Saturday, June 27, 2009

Pacing

I have a confession: over the past few days, while holding Cleo, or playing with her, it's occurred to me that I might be able to speed up her development in certain areas by prompting her. If I hold her so that her feet just touch the ground, for instance, might she be walking at 11, rather than 12, months? If I were to recite the numbers 1-10, again and again in as we amble about the lawn, might she develop prodigious mathematical talents? Could a baby's neck be strengthened through three sets of six reps?

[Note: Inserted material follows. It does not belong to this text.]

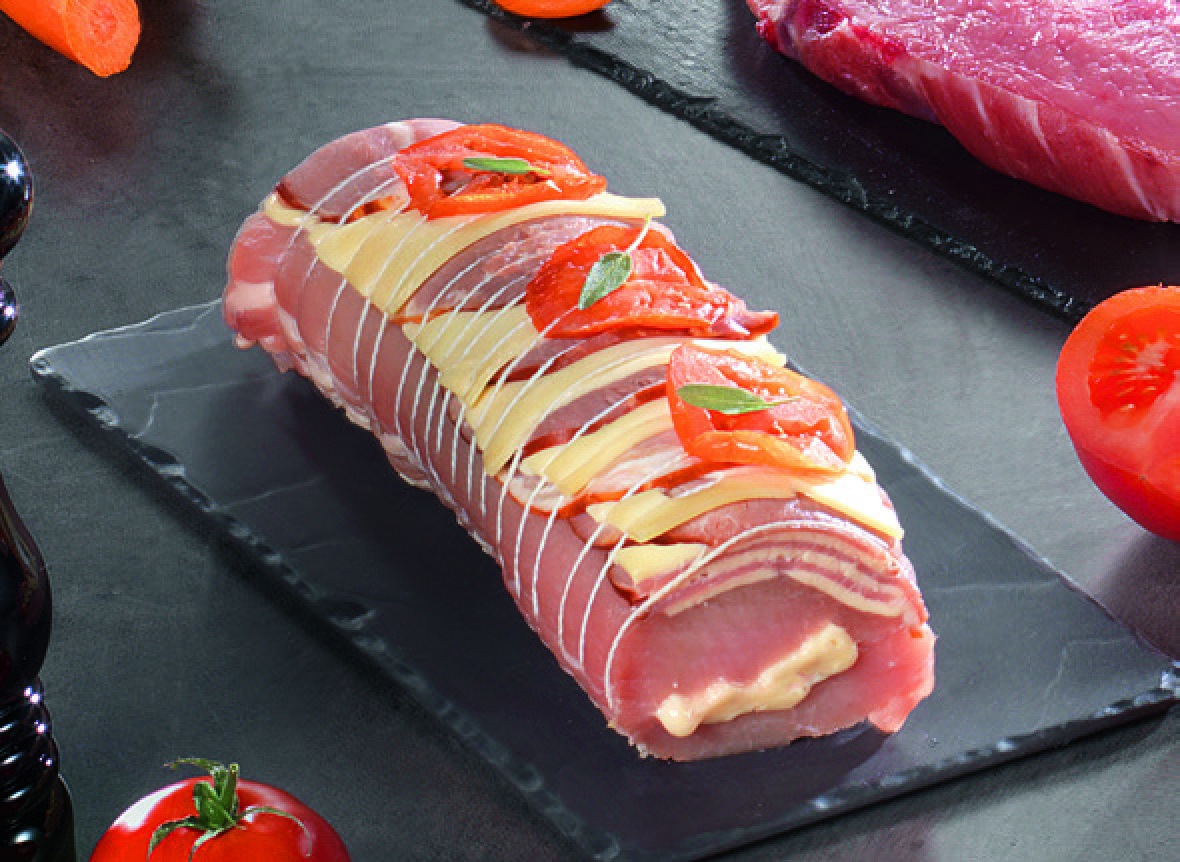 RÔTI FILET DE PORC FAÇON ORLOFF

These are just passing thoughts; for the most part, we're thrilled (to the point of boring our friends, no doubt) with her small, natural signs of progress, and need no designed program. But of course such thoughts do open onto an entire industry, calculated to play on parents' fears and ambitions. Play Spanish tapes to your baby while she's still in the womb! Infant massages may stimulate muscle growth! And of course you'll need the entire line of Baby Einstein products.

How to resist the desire to keep up with the crowd, or to create a superbaby? Here's one way. I mentioned yesterday that I've been listening to the keyboard sonatas of Domenico Scarlatti. I've got the well-reviewed version by Vladimir Horowitz, and so yesterday I found a few minutes to read a rather famous 1992 discussion of Horowitz by Tim Page, who won the Pulitzer Prize five years after that for his music criticism. In the 1992 piece, Page argues that, while Horowitz was certainly technically proficient, his interpretive skills were not always strong. A master of control and as fast as any pianist, Horowitz can be seen as lacking, in other words, a certain subtlety or sophistication of feeling.

Such claims can feel subjective, to be sure. But Page wasn't alone in his feelings. In fact, he ends the piece by quoting a portion of a letter that Sergei Rachmaninoff wrote to a young Horowitz after hearing him play in the 1920s. “Mr. Horowitz," wrote Rachmaninoff, "you have won the octaves race. Nobody has ever played them like you. But I will not congratulate you because it was not musical.”

And that, friends, is how one resists the urge to speed up Cleo's natural clock. She'll crawl, in time. She'll read, in time. But no need to hasten. Instead, let's only try to make sure that, when she does so, she does so musically.